Maybe “crash” is a bit hyperbolic, but “plunge” is entirely fair.
European equities fell the most since early December on Friday as trade tensions reared their ugly head. The EuroStoxx 50 fell some 3% and was down more than that with half an hour to go before the close.
It was the largest one-day loss for the gauge since December 6, the day after news that Canada arrested Huawei CFO Meng Wanzhou helped trigger a flash crash in S&P futures on the reopen following a national day of mourning in the US for former President George HW Bush.
Basic resources and auto shares were mauled to close the week. In fact, Friday looks like the third-worst day for the Stoxx 600 Auto & Parts index since Brexit.
Obviously, European autos have been laboring under the threat of 232 tariffs from the Trump administration for a year and any sign of aggression from the White House on trade is a death knell for the space.
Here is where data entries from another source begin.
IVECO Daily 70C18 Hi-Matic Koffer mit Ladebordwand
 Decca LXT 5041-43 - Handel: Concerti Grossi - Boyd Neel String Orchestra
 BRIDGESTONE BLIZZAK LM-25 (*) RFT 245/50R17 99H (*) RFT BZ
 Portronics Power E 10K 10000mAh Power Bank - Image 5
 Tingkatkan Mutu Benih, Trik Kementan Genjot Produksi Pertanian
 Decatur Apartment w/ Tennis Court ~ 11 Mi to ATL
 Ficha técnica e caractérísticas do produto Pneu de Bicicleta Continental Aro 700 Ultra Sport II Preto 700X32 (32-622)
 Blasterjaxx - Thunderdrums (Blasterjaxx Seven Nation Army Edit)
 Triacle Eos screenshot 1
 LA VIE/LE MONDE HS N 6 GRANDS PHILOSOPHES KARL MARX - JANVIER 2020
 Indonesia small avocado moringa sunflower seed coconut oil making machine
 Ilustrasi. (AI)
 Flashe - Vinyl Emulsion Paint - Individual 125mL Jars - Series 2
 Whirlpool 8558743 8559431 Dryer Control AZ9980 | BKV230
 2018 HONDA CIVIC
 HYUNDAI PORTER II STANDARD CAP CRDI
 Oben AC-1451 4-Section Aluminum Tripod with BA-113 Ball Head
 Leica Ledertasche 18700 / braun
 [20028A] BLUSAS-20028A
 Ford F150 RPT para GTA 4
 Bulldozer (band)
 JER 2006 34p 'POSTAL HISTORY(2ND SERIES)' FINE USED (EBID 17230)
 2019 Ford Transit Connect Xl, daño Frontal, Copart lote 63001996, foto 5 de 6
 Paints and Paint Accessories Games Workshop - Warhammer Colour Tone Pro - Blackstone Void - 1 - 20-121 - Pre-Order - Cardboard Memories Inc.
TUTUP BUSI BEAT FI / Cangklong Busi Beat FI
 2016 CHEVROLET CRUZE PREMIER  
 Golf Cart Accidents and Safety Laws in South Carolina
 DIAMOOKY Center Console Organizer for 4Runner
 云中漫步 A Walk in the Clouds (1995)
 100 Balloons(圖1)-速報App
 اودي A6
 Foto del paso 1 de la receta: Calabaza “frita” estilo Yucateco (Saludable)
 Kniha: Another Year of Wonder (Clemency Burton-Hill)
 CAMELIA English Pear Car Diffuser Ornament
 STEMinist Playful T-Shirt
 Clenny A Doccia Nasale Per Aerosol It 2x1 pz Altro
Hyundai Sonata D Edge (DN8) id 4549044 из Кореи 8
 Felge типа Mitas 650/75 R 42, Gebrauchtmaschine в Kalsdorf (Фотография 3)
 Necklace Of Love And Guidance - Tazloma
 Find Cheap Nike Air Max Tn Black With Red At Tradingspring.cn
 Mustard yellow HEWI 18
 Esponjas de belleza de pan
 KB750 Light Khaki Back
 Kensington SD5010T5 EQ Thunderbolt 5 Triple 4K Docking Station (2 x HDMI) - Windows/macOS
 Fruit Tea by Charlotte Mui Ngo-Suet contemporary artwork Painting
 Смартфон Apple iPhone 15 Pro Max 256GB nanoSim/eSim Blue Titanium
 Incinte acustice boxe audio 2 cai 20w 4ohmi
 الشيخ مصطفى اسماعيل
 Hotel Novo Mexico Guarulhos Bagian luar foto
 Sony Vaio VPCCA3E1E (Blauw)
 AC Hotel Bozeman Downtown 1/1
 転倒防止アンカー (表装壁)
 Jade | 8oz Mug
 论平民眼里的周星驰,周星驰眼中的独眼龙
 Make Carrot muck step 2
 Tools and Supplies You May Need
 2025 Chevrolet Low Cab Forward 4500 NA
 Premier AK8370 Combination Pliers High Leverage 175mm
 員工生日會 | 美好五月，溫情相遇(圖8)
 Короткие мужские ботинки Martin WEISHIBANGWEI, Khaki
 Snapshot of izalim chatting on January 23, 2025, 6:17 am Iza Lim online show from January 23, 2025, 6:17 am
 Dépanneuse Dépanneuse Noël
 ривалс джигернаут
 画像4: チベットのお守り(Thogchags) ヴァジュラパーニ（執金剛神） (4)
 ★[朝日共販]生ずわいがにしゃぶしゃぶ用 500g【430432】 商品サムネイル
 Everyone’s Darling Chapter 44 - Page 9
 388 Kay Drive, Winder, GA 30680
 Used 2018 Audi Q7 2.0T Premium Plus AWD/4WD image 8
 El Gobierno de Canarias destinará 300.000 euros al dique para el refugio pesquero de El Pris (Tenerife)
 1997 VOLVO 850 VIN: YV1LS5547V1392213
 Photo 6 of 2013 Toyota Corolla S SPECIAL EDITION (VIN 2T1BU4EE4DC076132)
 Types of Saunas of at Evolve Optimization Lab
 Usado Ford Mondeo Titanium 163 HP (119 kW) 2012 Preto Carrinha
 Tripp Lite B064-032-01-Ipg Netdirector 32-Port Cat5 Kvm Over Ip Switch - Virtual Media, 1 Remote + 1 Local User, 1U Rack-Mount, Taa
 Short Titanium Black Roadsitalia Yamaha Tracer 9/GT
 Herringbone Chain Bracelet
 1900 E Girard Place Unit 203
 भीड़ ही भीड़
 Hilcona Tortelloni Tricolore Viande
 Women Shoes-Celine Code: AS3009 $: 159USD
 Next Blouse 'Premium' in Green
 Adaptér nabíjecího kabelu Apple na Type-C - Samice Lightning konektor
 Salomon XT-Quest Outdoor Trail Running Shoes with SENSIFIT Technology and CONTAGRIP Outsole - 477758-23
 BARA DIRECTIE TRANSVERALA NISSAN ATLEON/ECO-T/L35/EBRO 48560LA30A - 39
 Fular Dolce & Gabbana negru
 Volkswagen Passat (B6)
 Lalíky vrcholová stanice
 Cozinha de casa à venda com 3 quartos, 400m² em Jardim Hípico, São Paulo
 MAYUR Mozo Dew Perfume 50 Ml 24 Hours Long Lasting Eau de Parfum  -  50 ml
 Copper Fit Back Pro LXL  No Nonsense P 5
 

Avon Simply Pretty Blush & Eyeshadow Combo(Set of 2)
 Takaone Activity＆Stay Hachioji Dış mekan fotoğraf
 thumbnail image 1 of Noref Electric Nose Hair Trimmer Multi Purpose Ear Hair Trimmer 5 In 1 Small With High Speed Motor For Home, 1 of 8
The VStoxx jumped nearly 40% on Friday (and forgive us for quoting that in percentage terms, but it just sounds better on days like today) to the highest since May, the last time Trump and Beijing were at one another’s throats.
As ever, the silver lining is that the more acute the market turmoil, the stronger the case for more monetary accommodation. And when it comes to Europe, that case was already pretty strong.
Earlier, 10-year German yields fell to -50bp. Around the same time, 30-year bund yields dropped below zero, meaning the entire German curve was negative.